EDIT 3: @Khenglish suggested measuring resistance across power input pins. If >2kOhm then something else other than the power FET broke. Measured 7 Ohms. Picture here.
EDIT 2: Added picture of backplate with thermal pad to the album.
EDIT 1: R47 and R22 in the pictures had a resistance of about 1.5 Ohms as measured with the red Centech digital multimeter - same as the adjacent clean-looking R22.
Background: the 8 Gb GTX 980M card with copper backplate (removed to take pictures) came with a used Clevo P750ZM I bought around October 2015. The laptop was originally purchased from RJTech, and the previous owner used it mainly for software development. Other than coil whine at high FPS, the machine was fine for the most part with VSync enabled. GPU temperature was checked with HWinfo64 and MSI Afterburner every so often, and I had never seen it being above 80*C. The laptop itself was always cooled by a home-made cooling pad with 4 120 mm ~1800RPM case fans installed, and I normally had internal fans on max speed whenever I play something demanding. Vents and fans were cleaned every 3-5 months, and the GPU vent wasn't blocked when the card failed.

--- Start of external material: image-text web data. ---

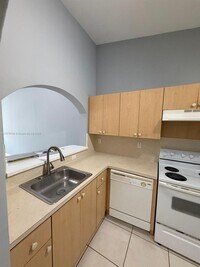 Building Photo - 2921 SE 13th Rd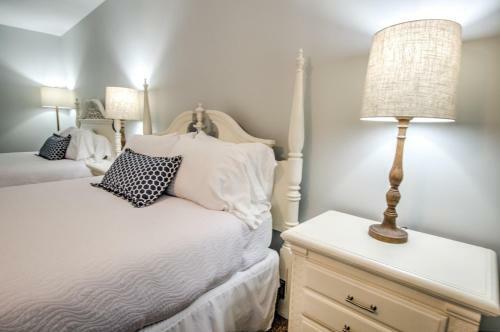 Hotel East Shore Lodging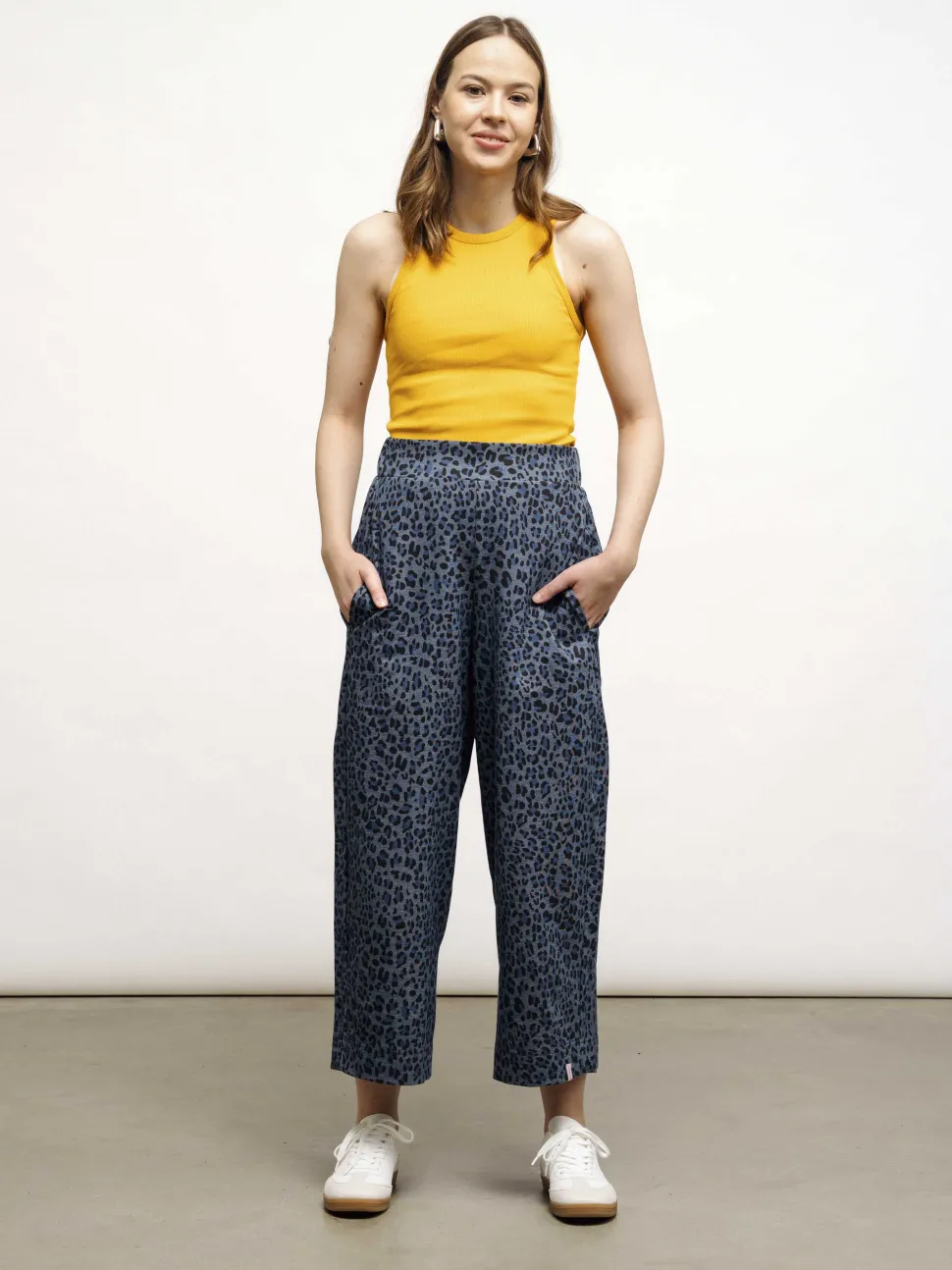 Tiffany Housut, Leo Denim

In short, I think I took care of the laptop decently given how much it cost me when my salary was $0. I got a few IRQL_not_less_or_equal BSODs related to the touch pad driver here and there, but that was about it for unusual behaviors. I didn't know about ThrottleStop before the failure, so the CPU was running at stock voltage in case anyone thinks power supply issue was involved. I bought the laptop hoping it would last 5 years or more, so I avoided OCing any component.
On average, I gamed 1-2 hours each day for the first ~1.5 years and 4+ for a couple of months leading up to the failure. The laptop itself was kept on for about ~6-12 hours daily. For games like DOOM, BF1, GTA V, and Witcher 3, I lowered the texture and lightning settings to ensure that the GPU temperature was decent at 60 FPS and above classic Runescape graphic. Extraneous settings like bloom, blur, and AA were turned off entirely. Even with those precautions taken to control the thermal behavior, the failure occurred when I was walking around looting things in Witcher 3 ~2-3 hours into the session.
The Failure: screen turned black. MSI Afterburner overlay was active at the time, but I didn't check it before the crash. The laptop turned off mid-game without any sign such as freezing/distorted audio. Gameplay was smooth for the most part, and there wasn't any cue (i.e. freezing, audio distortion, micro-stuttering, MSI Overlay readout etc...) to suspect the CPU or the GPU was running too hot. I attempted to turn on the laptop, and the power supply (Chicony 230W) started clicking at the same time that its indicator light flickered. Both the battery and the power indicator LEDs remained amber while the laptop was plugged in. Pressing the power button resulted in the power indicator briefly turning green and back to amber again (along with the clicking in the power supply). The fans did not turn on. Holding down the power button long enough and the power supply's indicator light turned off completely, and no more clicking sound can be heard. Re-plugging the power supply turned the indicator light on again, and the same scenario repeated when the power button is pressed while the laptop is plugged in. It was noticed that the area around the right speaker (which is directly above the exhaust for the GPU fan), the power supply tip, and the power supply were all really hot to the touch. I measured the temperature with an infrared thermometer, and I had readings at around 45-50 degree Celsius for those regions ~5-10 minutes after the failure. Discoloration on the tip was noticed then.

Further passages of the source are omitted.